On Parallelizing Matrix Multiplication by the Column-Row Method
We consider the problem of sparse matrix multiplication by the column row method in a distributed setting where the matrix product is not necessarily sparse. We present a surprisingly simple method for “consistent” parallel processing of sparse outer products (column-row vector products) over several processors, in a communication-avoiding setting where each processor has a copy of the input. The method is consistent in the sense that a given output entry is always assigned to the same processor independently of the specific structure of the outer product. We show guarantees on the work done by each processor, and achieve linear speedup down to the point where the cost is dominated by reading the input. Our method gives a way of distributing (or parallelizing) matrix product computations in settings where the main bottlenecks are storing the result matrix, and inter-processor communication. Motivated by observations on real data that often the absolute values of the entries in the product adhere to a power law, we combine our approach with frequent items mining algorithms and show how to obtain a tight approximation of the weight of the heaviest entries in the product matrix. As a case study we present the application of our approach to frequent pair mining in transactional data streams, a problem that can be phrased in terms of sparse ${0,1}$-integer matrix multiplication by the column-row method. Experimental evaluation of the proposed method on real-life data supports the theoretical findings.
💡 Research Summary
The paper tackles the problem of multiplying two sparse matrices using the column‑row (outer‑product) method in a distributed environment where the product matrix may be dense. Traditional parallel matrix multiplication schemes often rely on row‑column decomposition or block partitioning, which can cause heavy communication overhead and load imbalance when the input matrices are sparse but the output is not. The authors propose a remarkably simple, communication‑avoiding scheme that assigns each output entry (i, j) to a fixed processor based on a deterministic hash function h(i, j) mod p, where p is the number of processors. Because the assignment depends only on the coordinates of the output entry and not on the particular outer product being processed, the method is “consistent”: the same entry is always handled by the same processor regardless of the order or distribution of the outer products.
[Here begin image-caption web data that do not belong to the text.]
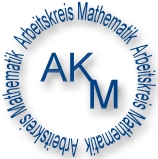 Logo: Arbeitskreis Mathematik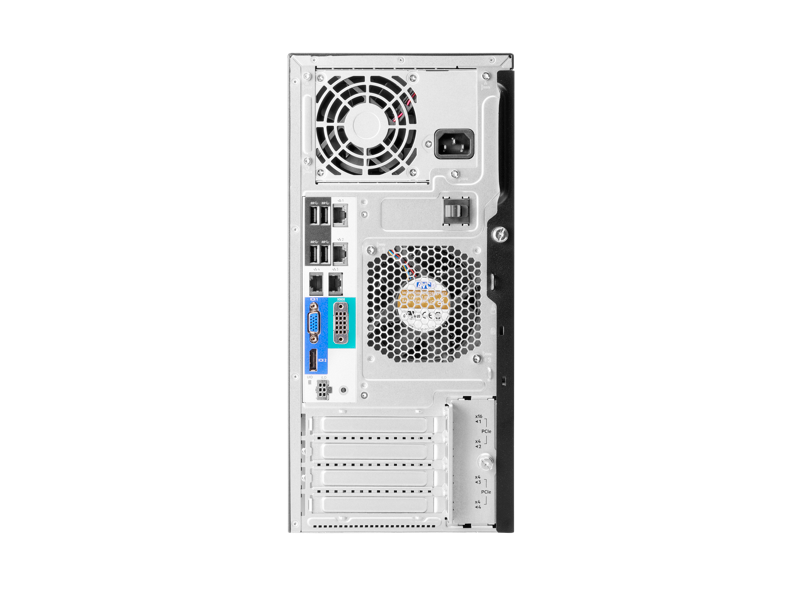 HPE ProLiant ML30 Gen11 server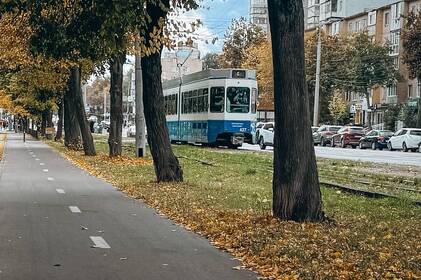 Погода у Вінниці та області 10 жовтня: прогноз на суботу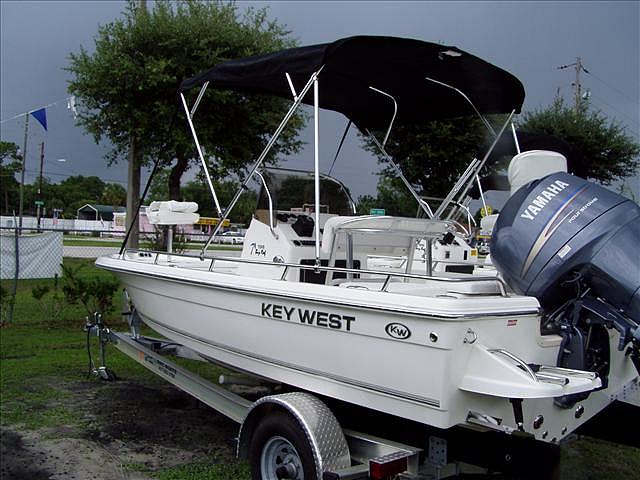 2009 KEY WEST 196BR Longwood FL 32750 Photo #0041804A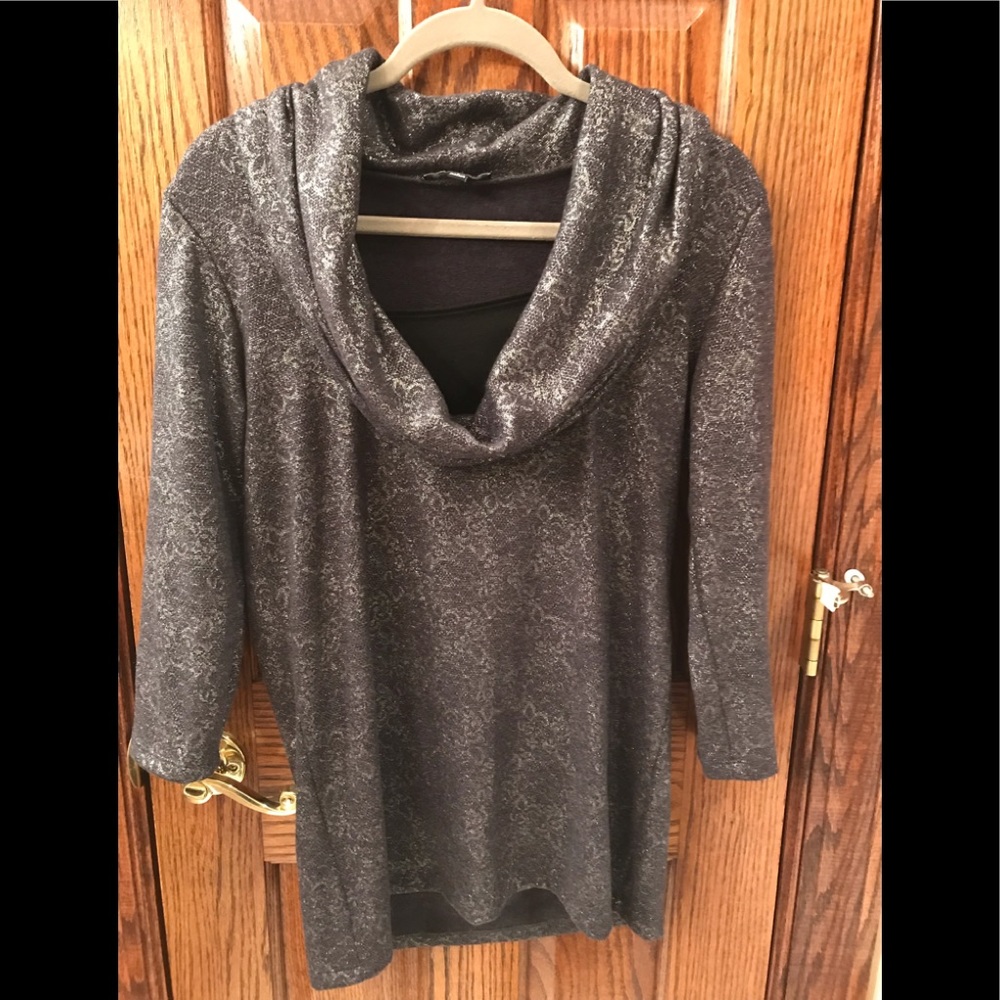 Stunning blouse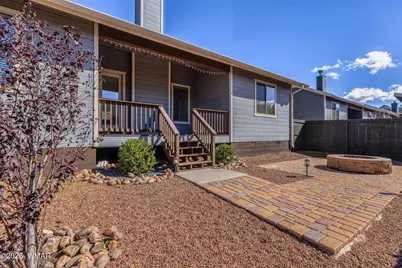821 W Summer Haven Lane, Lakeside, AZ 85929 - Photo 27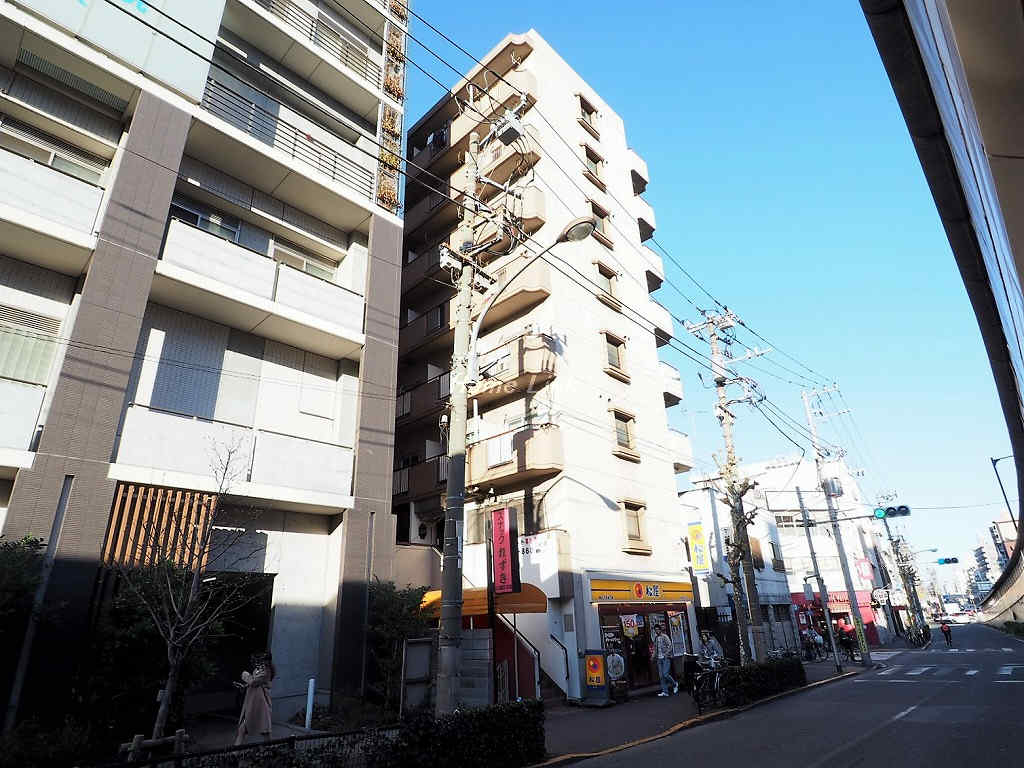 バロール本町_画像2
Each processor holds a full copy of the input matrices, eliminating the need for data exchange during computation. When processing an outer product (column k of A times row k of B), a processor updates only those entries (i, j) for which h(i, j) points to it. Consequently, the only communication required is the initial broadcast of the inputs (which can be done once) and the final write‑out of the result matrix. The authors prove that the work per processor is bounded by
O( (nnz(A)·nnz(B))/p + nnz(C) ),
where nnz(·) denotes the number of non‑zero elements. Even when C is dense, the per‑processor memory footprint remains proportional to the number of entries it is responsible for, because each processor accumulates its assigned entries locally. The algorithm therefore achieves linear speed‑up until the I/O cost of reading the inputs dominates the runtime.
A second major contribution is the integration of frequent‑item mining techniques to exploit the empirical observation that the absolute values of entries in many real‑world matrix products follow a power‑law distribution. By running a space‑saving or Misra‑Gries sketch on each processor’s local sub‑matrix, the algorithm can maintain a compact summary of the heaviest entries (the “heavy hitters”). After the local sketches are merged (a communication‑free reduction of the top‑k lists), the system obtains a tight approximation of the largest weights in the full product matrix. This approach adds only O(k·p) additional memory and no extra communication, yet it yields accurate estimates of the most significant entries, which are often the primary interest in applications such as similarity search, graph analytics, or recommendation.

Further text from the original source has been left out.